**Directions**
Each entry should be returned exactly as written, with no pictures carried over.

** Opening Recorded data block **

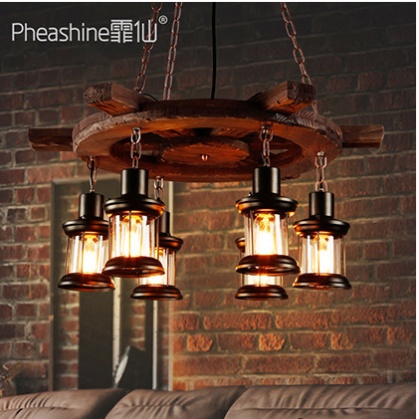 Дизайнерский светильник дерево 75*31 см, led, e14, дерево, железо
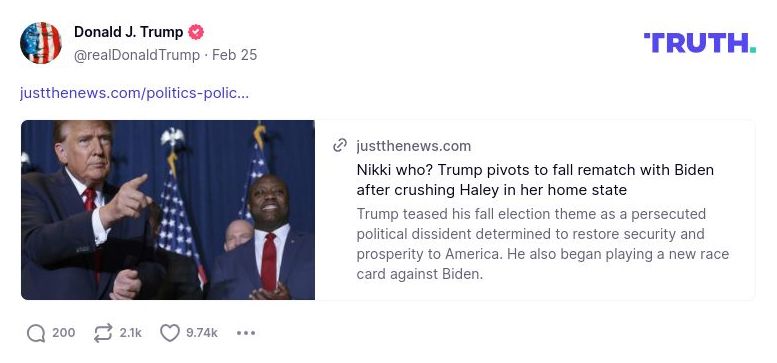 Post image from Donald Trump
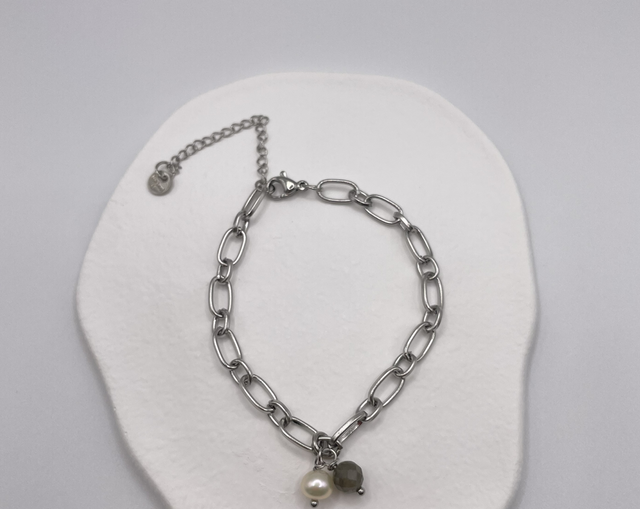 GREY PEARL - Edelstahlarmband mit Anhängern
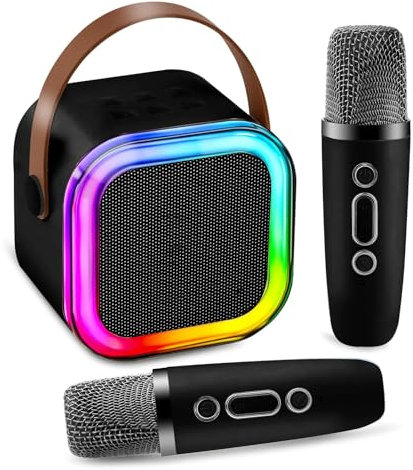 Mini Karaoke Machine 2 Microphones, Portable Kids Karaoke Machines,Bluetooth Speaker with 2 Wireless Microphones,Best Gifts for Girls Boys,Family, Home, Party, KTV, Travel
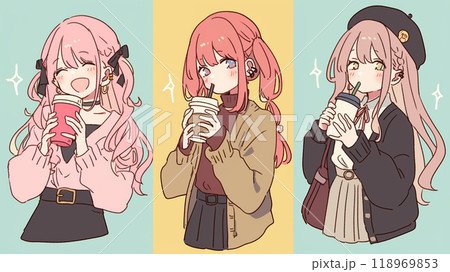 アニメ風のおしゃれな飲み物を飲む女の子セット 118969853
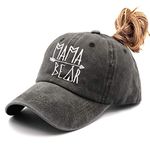 Waldeal Embroidered Women Ponytail Mama Bear Vintage Distressed Baseball Dad Hats Adjustable Ponycaps Denim Cap Black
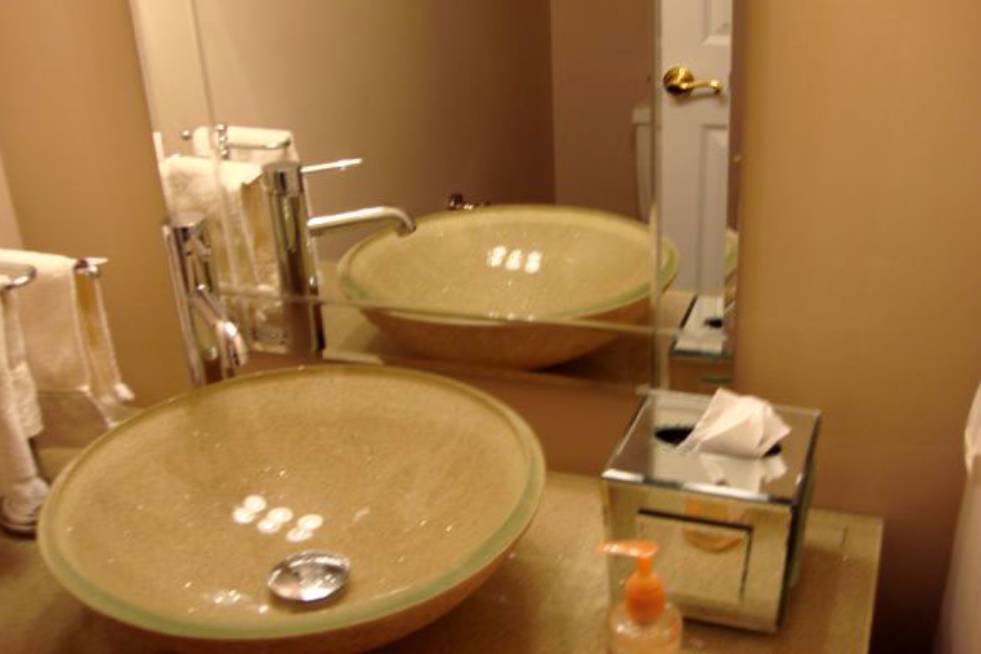 view of the washbasin in the bathroom after remodeling
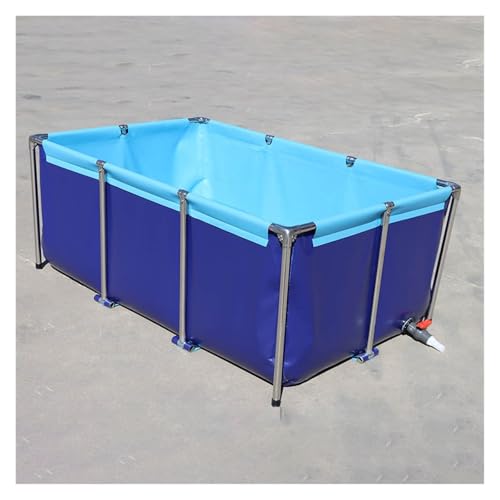 PVC Canvas Pool für Teiche - Wetterbeständiger Aquakulturpool für Koi Fische und Schildkröten - Großer Lager-Wassertank für drinnen oder draußen (1,5 x 1 x 0,7 m) von Generisch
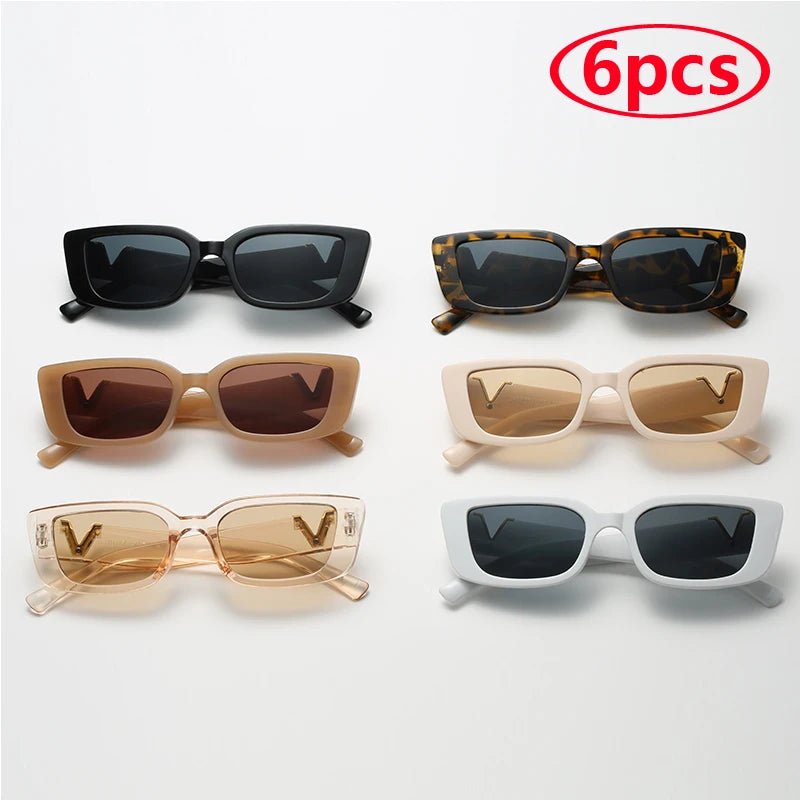 Luxury Vintage Rectangle Sunglasses - Classic Small Frame Eyewear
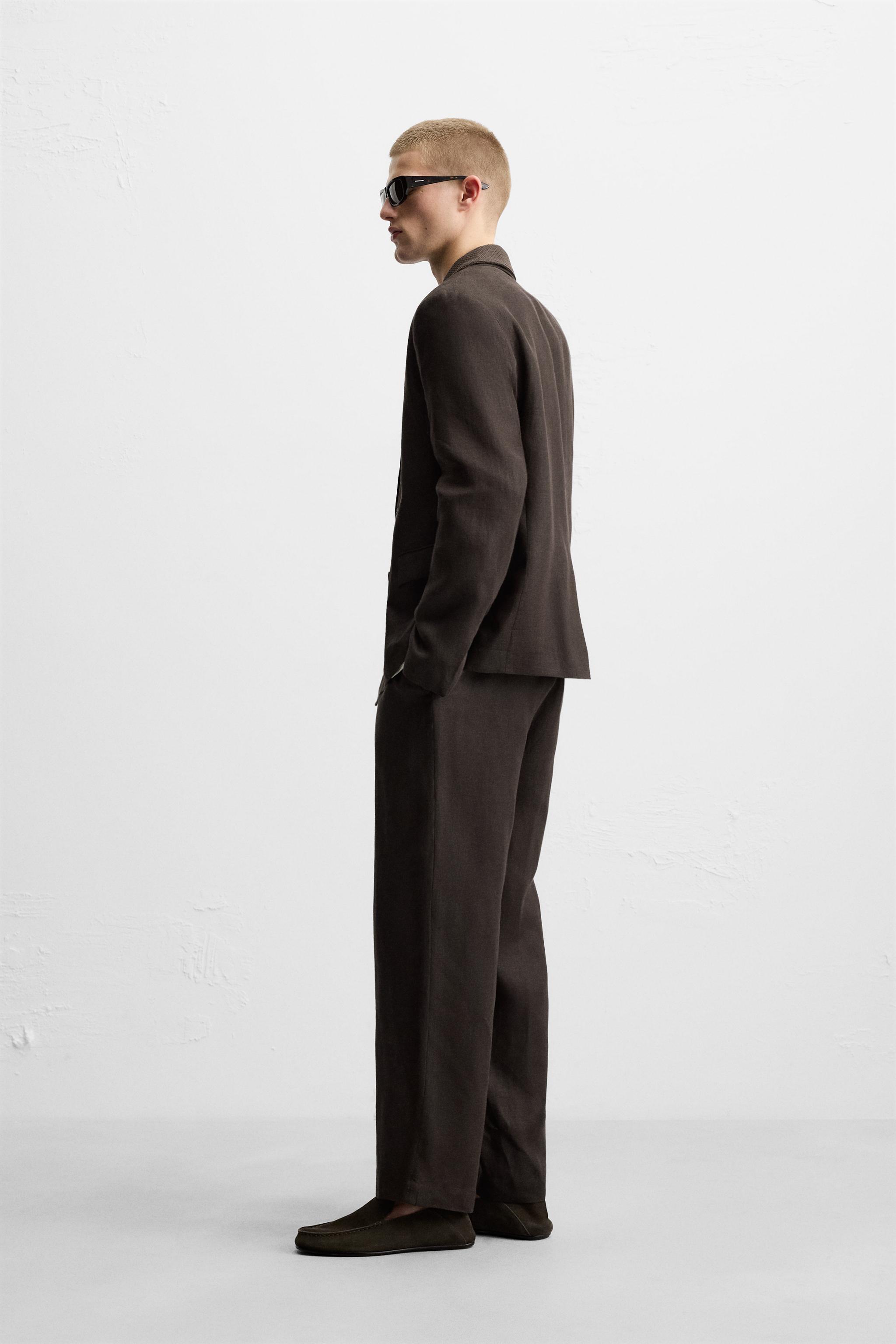 【ZARA】リネン100% スーツパンツ 4410/401/716 リネン100% パンツ - ライトベージュ | ZARA Japan / 日本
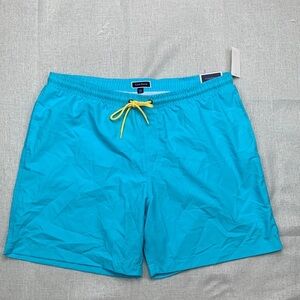 Clubroom Mens Aqua Drawstring Classic Fit Swim Trunks Size XXL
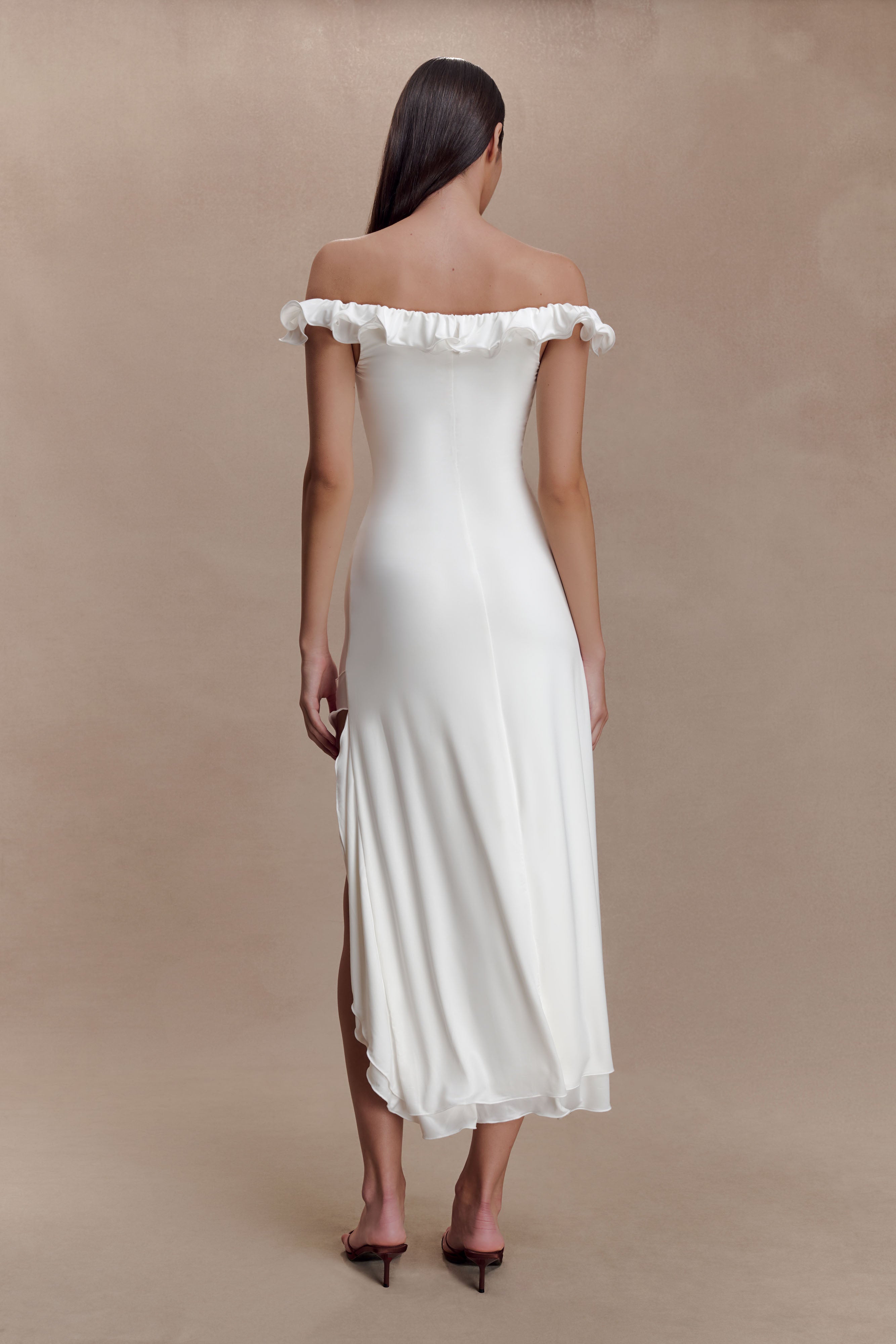 Allegra Off Shoulder Ruffle Midi Dress - Ivory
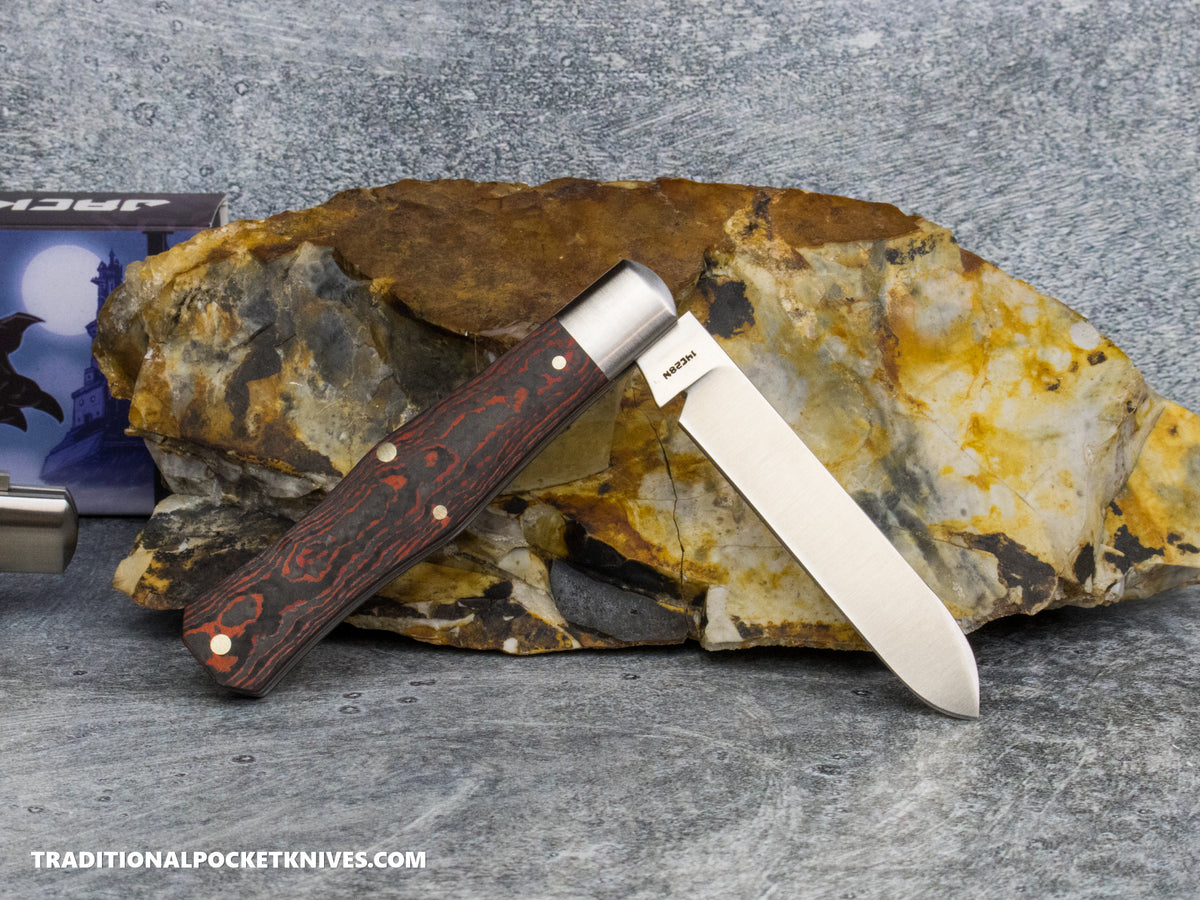 Jack Wolf Knives Gateway Coffin Fat Carbon Lava Flow - Gateway Series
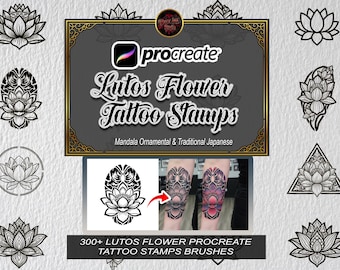 Lotus Flower Tattoo Stamps Procreate, Mandala Japanese Floral Brushes (300+)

** Closing Recorded data block **

**Solution for this problem**
 Дизайнерский светильник дерево 75*31 см, led, e14, дерево, железо
 Post image from Donald Trump
 GREY PEARL - Edelstahlarmband mit Anhängern
 Mini Karaoke Machine 2 Microphones, Portable Kids Karaoke Machines,Bluetooth Speaker with 2 Wireless Microphones,Best Gifts for Girls Boys,Family, Home, Party, KTV, Travel
 アニメ風のおしゃれな飲み物を飲む女の子セット 118969853
 Waldeal Embroidered Women Ponytail Mama Bear Vintage Distressed Baseball Dad Hats Adjustable Ponycaps Denim Cap Black
 view of the washbasin in the bathroom after remodeling
 PVC Canvas Pool für Teiche - Wetterbeständiger Aquakulturpool für Koi Fische und Schildkröten - Großer Lager-Wassertank für drinnen oder draußen (1,5 x 1 x 0,7 m) von Generisch
 Luxury Vintage Rectangle Sunglasses - Classic Small Frame Eyewear
 【ZARA】リネン100% スーツパンツ 4410/401/716 リネン100% パンツ - ライトベージュ | ZARA Japan / 日本
 Clubroom Mens Aqua Drawstring Classic Fit Swim Trunks Size XXL
 Allegra Off Shoulder Ruffle Midi Dress - Ivory
 Jack Wolf Knives Gateway Coffin Fat Carbon Lava Flow - Gateway Series
 Lotus Flower Tattoo Stamps Procreate, Mandala Japanese Floral Brushes (300+)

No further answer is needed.